Çocuğun eğitimi evrensel bilgiler doğrultusunda geliştirilirken, uygulamalı olarak mesleki becerileri de aynı oranda iyileştirilmelidir. Hangi meslek mensubu olursa olsun, her öğrencinin okulun dışında alabileceği eğitim sahaları vardır. Her iş yeri aynı zamanda bir okuldur. Her işyeri sahibi de bir öğretmendir.
Çocuğun mesleki eğitimleri de seviyelere ayrılabilir mesela. Eğitim öğretim süresi içersinde, öğrencinin yetenekleri doğrultusunda iş hayatına hangi seviyeden başlayabileceği, başarı düzeyine göre belirlenebilir. Çocuk vardır çok yeteneklidir, okulunu bitirdiğinde usta düzeyinde işe başlar. Çocuk vardır süper zekidir okulunu bitirdiğinde müdür veya şef düzeyinde işe başlar. Bu seviye tasnifi aynı zamanda öğrencinin bir gün kendi işini kurma yetkisine kadar düzenlenebilir.
Bir tezat daha var. Ustalık belgesi olan bir ustaya belirli yıllar sonunda, eğitici ustalık belgesi verilirdi. Eğitici ustalık belgesinin anlamı öğretmenliktir. Eğer bir ustaya öğretmen sıfatı veriyorsanız ve öğretmen sıfatı verdiğiniz ustanın yetiştirdiği çırak veya kalfanın belgelendirmesinde ustanın hiçbir şekilde bilgi ve görüşüne başvurmuyorsanız sisteminizi yeniden masaya yatırın bence.
Öyle bir zaman dilimi içersindeyiz ki, artık; “Çırak Aranıyor!” tabelaları işe yaramıyor. Bir devir kapanmak üzere. Siz aklı başında çocuk sahibi anne babalar, siz, siz olun çocuğunuzu üniversite mezunu işsizler ordusuna dâhil etmeyin.
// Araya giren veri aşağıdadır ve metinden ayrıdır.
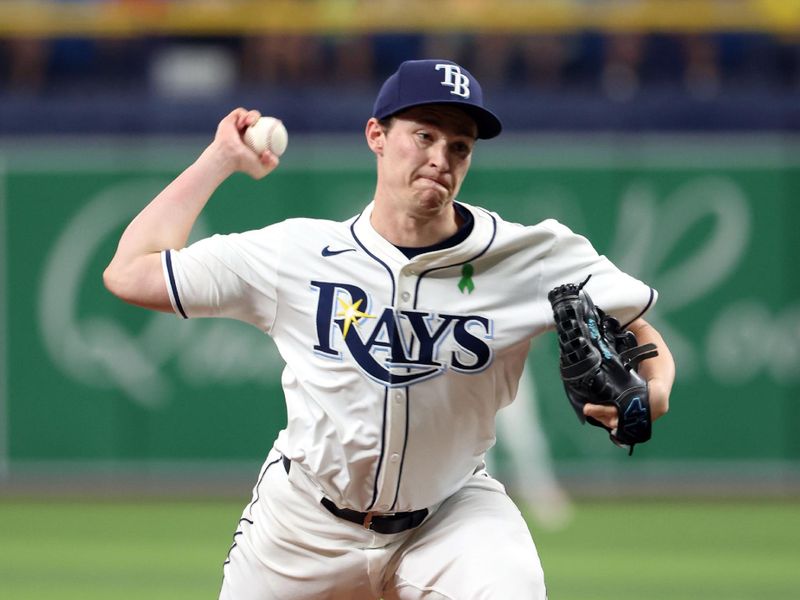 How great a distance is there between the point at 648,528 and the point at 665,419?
5.91 ft

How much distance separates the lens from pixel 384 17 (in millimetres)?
13633

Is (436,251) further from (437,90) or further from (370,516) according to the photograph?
(370,516)

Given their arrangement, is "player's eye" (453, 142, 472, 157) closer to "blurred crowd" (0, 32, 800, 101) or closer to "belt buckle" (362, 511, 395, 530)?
"belt buckle" (362, 511, 395, 530)

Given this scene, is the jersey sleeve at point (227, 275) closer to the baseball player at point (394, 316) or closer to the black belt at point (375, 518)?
the baseball player at point (394, 316)

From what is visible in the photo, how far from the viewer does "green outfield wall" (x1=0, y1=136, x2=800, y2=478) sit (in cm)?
1243

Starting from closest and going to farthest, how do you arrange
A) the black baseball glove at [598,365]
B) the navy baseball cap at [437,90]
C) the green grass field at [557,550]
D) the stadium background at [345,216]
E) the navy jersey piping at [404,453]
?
the black baseball glove at [598,365]
the navy baseball cap at [437,90]
the navy jersey piping at [404,453]
the green grass field at [557,550]
the stadium background at [345,216]

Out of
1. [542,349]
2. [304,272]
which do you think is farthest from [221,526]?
[304,272]

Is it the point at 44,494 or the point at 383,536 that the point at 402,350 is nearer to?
the point at 383,536

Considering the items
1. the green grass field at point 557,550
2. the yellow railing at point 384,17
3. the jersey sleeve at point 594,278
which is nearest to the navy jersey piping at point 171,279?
the jersey sleeve at point 594,278

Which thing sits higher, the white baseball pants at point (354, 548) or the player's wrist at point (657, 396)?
the player's wrist at point (657, 396)

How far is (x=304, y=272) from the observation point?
4.59 m

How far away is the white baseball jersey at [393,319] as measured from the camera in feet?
14.8

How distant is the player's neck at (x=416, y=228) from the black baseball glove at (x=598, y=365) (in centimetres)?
45

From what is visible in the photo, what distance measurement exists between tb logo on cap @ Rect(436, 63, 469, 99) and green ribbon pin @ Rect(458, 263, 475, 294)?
0.52m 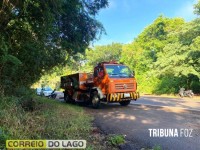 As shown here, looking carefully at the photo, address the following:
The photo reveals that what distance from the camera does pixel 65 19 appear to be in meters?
15.4

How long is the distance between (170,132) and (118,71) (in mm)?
7569

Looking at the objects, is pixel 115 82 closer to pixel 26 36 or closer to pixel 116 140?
pixel 26 36

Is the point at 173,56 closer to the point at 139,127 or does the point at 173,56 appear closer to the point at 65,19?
the point at 65,19

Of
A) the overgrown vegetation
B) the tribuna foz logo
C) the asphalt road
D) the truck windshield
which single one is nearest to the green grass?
the asphalt road

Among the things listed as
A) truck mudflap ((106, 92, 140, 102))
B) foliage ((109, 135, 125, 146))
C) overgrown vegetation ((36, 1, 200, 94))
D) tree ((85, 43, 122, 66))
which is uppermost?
tree ((85, 43, 122, 66))

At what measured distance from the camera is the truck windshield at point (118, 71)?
1600cm

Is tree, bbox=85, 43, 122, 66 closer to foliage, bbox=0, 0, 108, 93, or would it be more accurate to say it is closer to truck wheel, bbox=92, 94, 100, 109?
truck wheel, bbox=92, 94, 100, 109

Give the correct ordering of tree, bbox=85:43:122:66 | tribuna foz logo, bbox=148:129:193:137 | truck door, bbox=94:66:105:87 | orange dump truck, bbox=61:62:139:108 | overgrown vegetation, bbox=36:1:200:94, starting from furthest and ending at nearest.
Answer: tree, bbox=85:43:122:66 → overgrown vegetation, bbox=36:1:200:94 → truck door, bbox=94:66:105:87 → orange dump truck, bbox=61:62:139:108 → tribuna foz logo, bbox=148:129:193:137

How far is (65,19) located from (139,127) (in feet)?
25.7

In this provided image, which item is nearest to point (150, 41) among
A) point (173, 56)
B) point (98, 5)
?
point (173, 56)

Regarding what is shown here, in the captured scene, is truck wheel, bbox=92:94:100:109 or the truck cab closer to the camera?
the truck cab

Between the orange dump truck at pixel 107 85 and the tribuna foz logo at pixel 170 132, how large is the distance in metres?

Gelecek yıllar teknik elamanların hat safhada ihtiyaç duyulacağı yıllar. Günümüzde asgari ücret ile on beş personelin işe alınacağı bir ilana, üç bin kişi başvuruyorsa; net aylık kazancı asgari ücretin iki katı olan bir teknik işe hiç başvuru olmuyorsa, oturup uzun uzun düşünmemiz lazım. Nerede ne hata var. Doğrusu nedir?
Sayın yetkililer meslek liselerini eski önemine kavuşturun, özendirin, teşvik edin. Yoksa ülkemizin geleceği karanlık bir tünele girmek üzeredir. Üreten nesil yok olmak üzere. Toplumu tüketim asalaklığından kurtarmanın yolu, üretimin önündeki engelleri kaldırmaktır.